If agency is really a scaling system, then there has to be a way to increase it. Much like confidence building, some kind of factor must allow agency to build in a person to the point where I can become that "Oh well, that's life. Let's try it again." guy described in the episode. While the show may suggest video games, the games I play don't really give me any kind of agency due to the choices I make. Even the ones that actually do reward that, such as Pokemon (which I've been playing a lot of lately), don't really make me feel like I'm controling the outcome of the battle. If anything, because I have the option to power through the game through constant leveling up, I've learned how to save my strength and energy for when something really matters. Like, I don't know, SCAD.
SCAD mattered to me, and after getting fired from my job, I actually found myself motivated enough to go through the application process. Why? Because I knew what would happen if I didn't attempt to better myself. I would be in a worse situation than I am now.
But that was then, and this is now. Having dropped out of the school after being accepted and paying the deposits, I'm in the situation I was trying to avoid in the first place. Why? Life. Lack of funds. That Ego-shattering moment when reality bitch slaps you in the face and says "NO SCHOOL FOR YOU!" in a booming, God-like voice.

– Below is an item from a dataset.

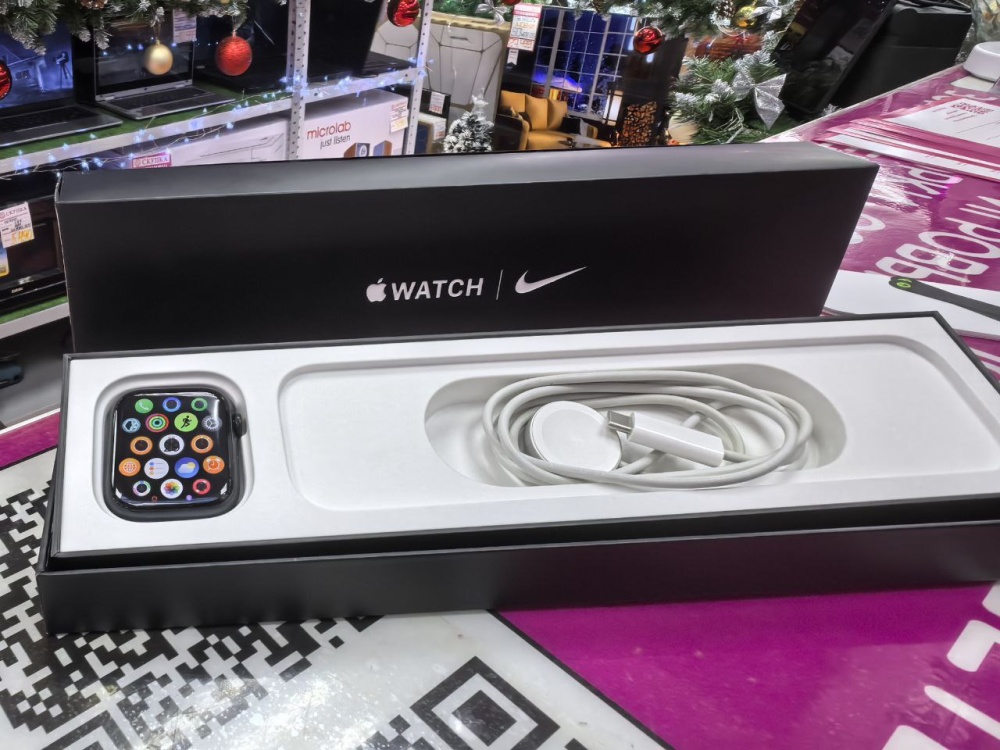 Часы Apple 7 45мм nike 85%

It's similar to how I would be able to dominate the competition in the Gameboy version of Pokemon, but the moment I transfer my killer team to the N64 game and enter them into a stadium tourniment, I get my ass handed to me. Powering through isn't enough. I needed to reanalyze my tactics and then retrain my Pokemon, or catch new ones that could fill in the slots in a better way. Eventualy, I would find a strategy that would work, albeit it still fell on the whole "hit them hard and hit them fast" mentality I have with battling games like these. But I set no real long-term goal with myself or the game. All the choices I made were on the spur of the moment, which is kind of the point of the episode when they illustrate that the cycle between choice and consiquence is shorter in games than in real life.

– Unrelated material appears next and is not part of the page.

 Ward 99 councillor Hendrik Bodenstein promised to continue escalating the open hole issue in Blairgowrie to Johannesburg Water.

What they don't really talk about is the fact that the consiquences in the game aren't nearly as impactful as the ones in real life. In a way, you have more to lose from failure in life than you do in a Pokemon game. But the key is to know how to start over again. The Game Over screen isn't the end of it all. It just means you need to try again. For some people, they can do that in life. Their Game Over moments may be big disappointments, but they don't last long before they try again. For a normal person, it could be a week or a month or even a year before they try again.

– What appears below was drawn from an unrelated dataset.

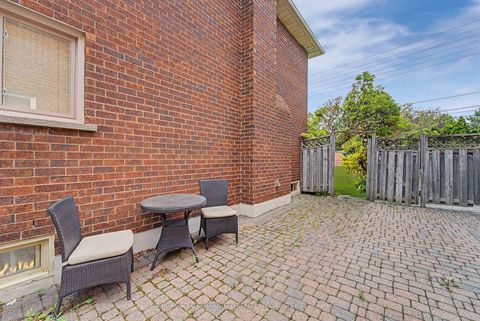 Photo 25 at 265 Dante Court, East Woodbridge, Vaughan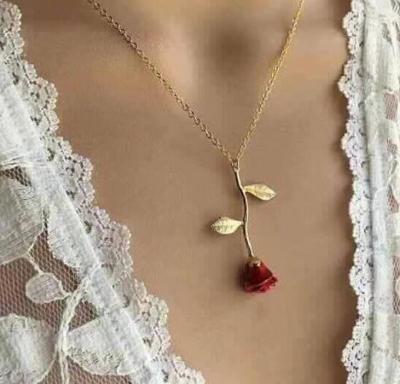 China European and American Jewelry Classic New Creative Drops Delicate Red Rose Pendant Necklace for Girlfriend's Valentine's Day Gift for sale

For me? I don't know if I'll ever try again. My sense of agency is so low that I just learned that I had one today when I saw this episode. That's how small it is. At least with self-confidence, I had that and knew when I was starting to lose it. The idea of a scaling sense of agency is new to me, but it makes sense. It goes hand-in-hand with self-confidence. The more of either you have, the better your life can be.
For now, however, I need to find out what gives me motivation in general. The SCAD thing was out of urgancy if anything. The want was there, but never the drive. Which, surprisingly, has always been the case. I need to find that one want that is actually in the driver's seat with the key in the ignition just waiting for me to say "Fire it up."